YOUR GOAL:
Copy all entries exactly, and wherever an entry holds a picture, leave that picture out.

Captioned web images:
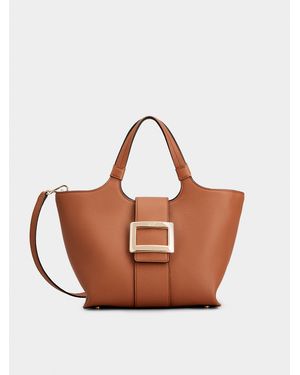 Roger Vivier Belle Vivier Mini Shopping Bag - Brown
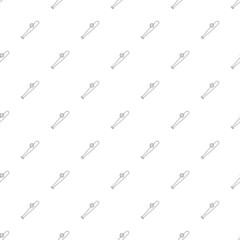 Baseball background from line icon. Linear vector pattern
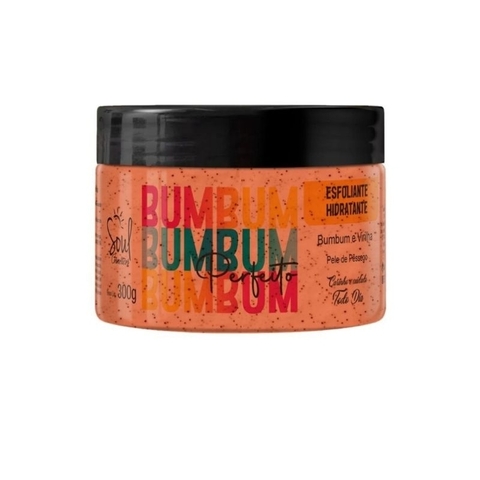 Hidratante Esfoliante de Pêssego Bumbum Perfeito 300g Soul Cosméticos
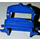 LEGO Blu Cavallo Saddle con Due Clips (4491 / 18306)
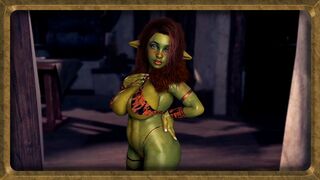 Curvy low-level goblin begs take her into youre party as obedient servant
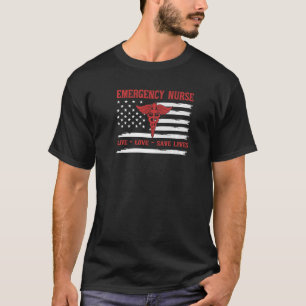 ER Nurse, Live, Liebe Rette Leben, Sonnenkrankheit T-Shirt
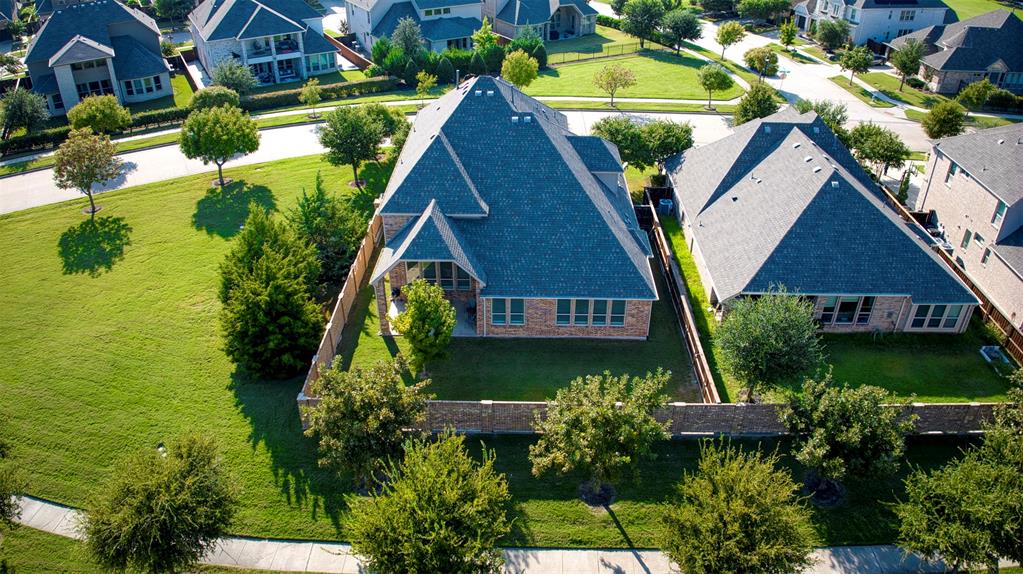7760 Hackamore Street Frisco, TX 75036 - Photo 2 of 40 View from the back of the home showcasing the greenbelt next door.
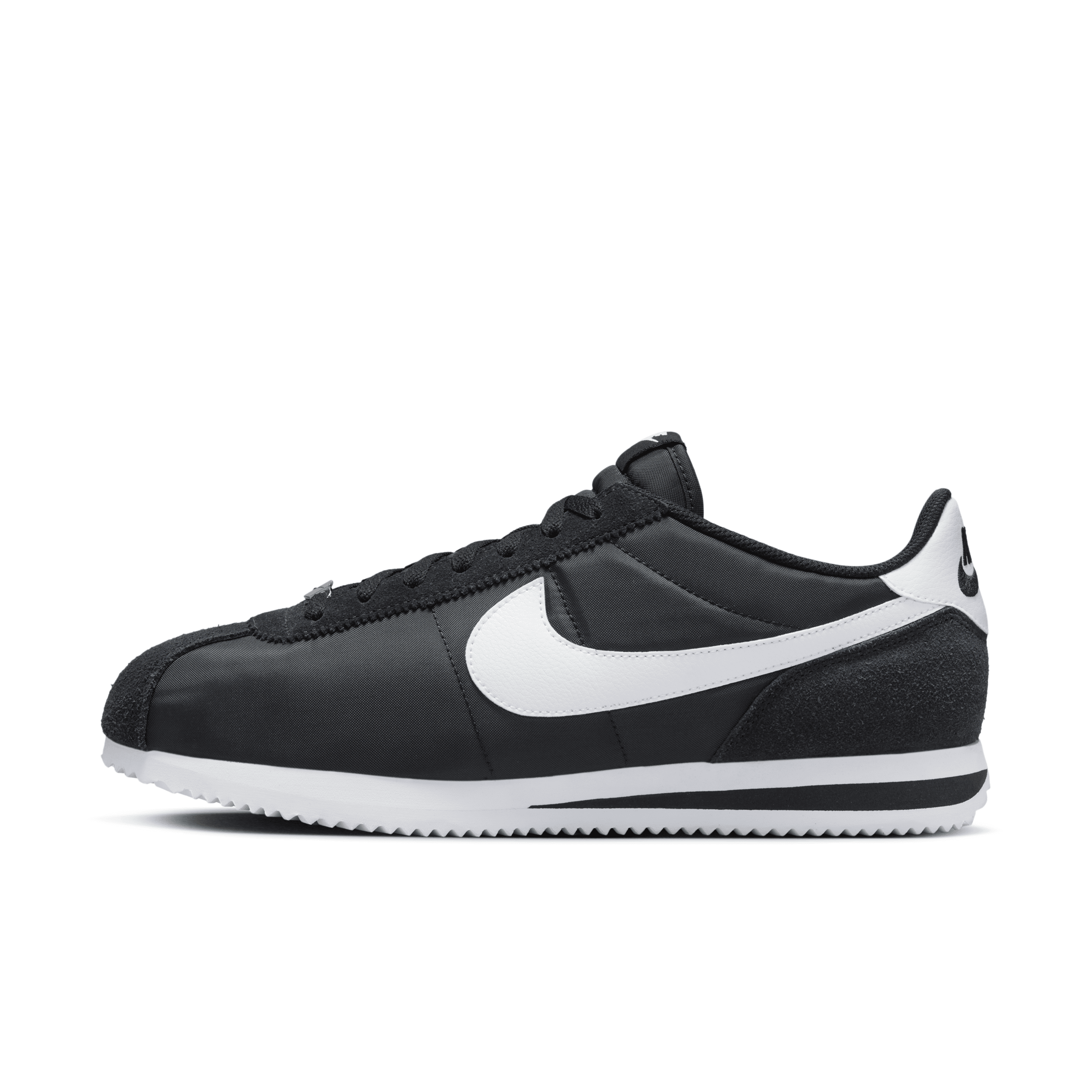 Nike Men's Cortez Textile Shoes In Black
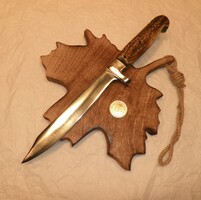 Régi, nagy vadásztőr. Megújulva. Kés, bicska, tőr, borotva.
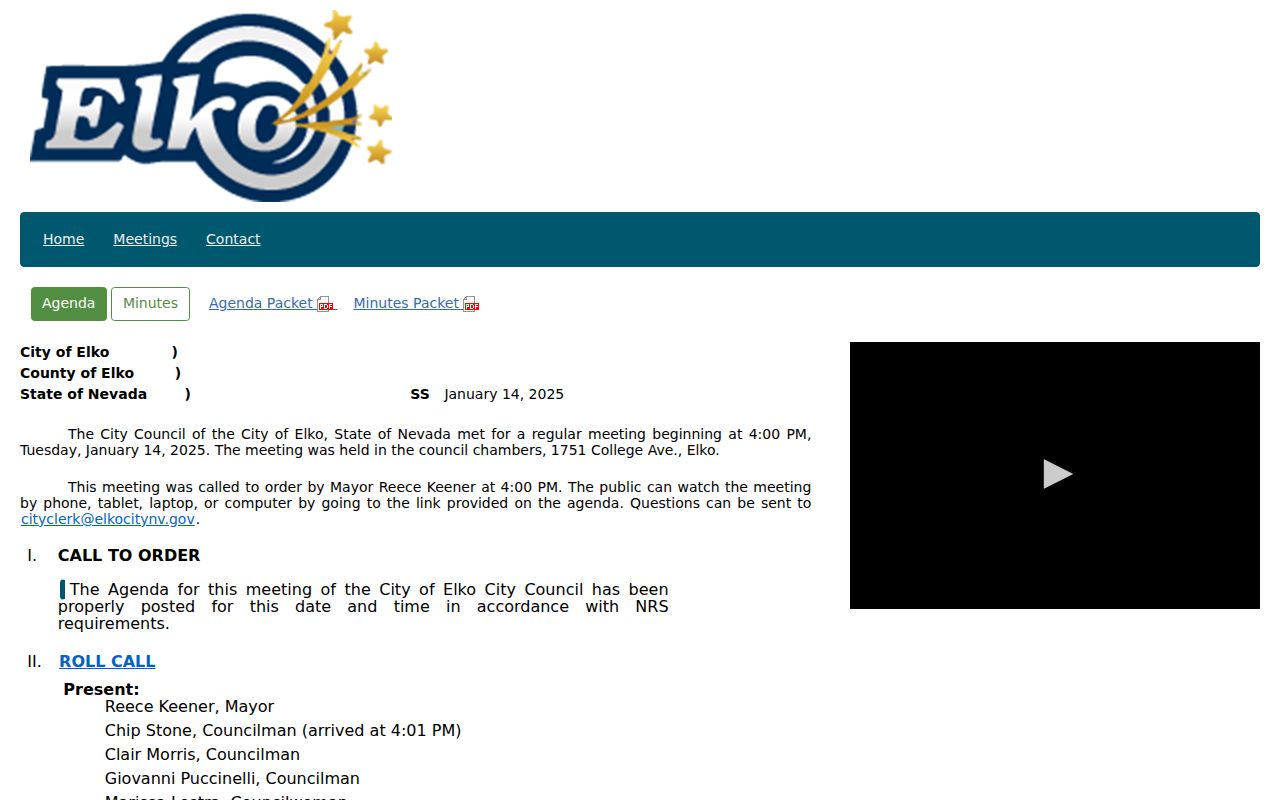 Elko residents directory annexation record and boundary check
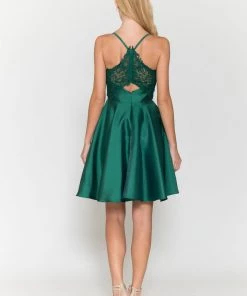 Short Mikado Pocket Dress By Poly USA 8698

ANSWER TO THE PROBLEM:
 Roger Vivier Belle Vivier Mini Shopping Bag - Brown
 Baseball background from line icon. Linear vector pattern
 Hidratante Esfoliante de Pêssego Bumbum Perfeito 300g Soul Cosméticos
 LEGO Blu Cavallo Saddle con Due Clips (4491 / 18306)
 Curvy low-level goblin begs take her into youre party as obedient servant
 ER Nurse, Live, Liebe Rette Leben, Sonnenkrankheit T-Shirt
7760 Hackamore Street Frisco, TX 75036 - Photo 2 of 40 View from the back of the home showcasing the greenbelt next door.
 Nike Men's Cortez Textile Shoes In Black
 Régi, nagy vadásztőr. Megújulva. Kés, bicska, tőr, borotva.
 Elko residents directory annexation record and boundary check
 Short Mikado Pocket Dress By Poly USA 8698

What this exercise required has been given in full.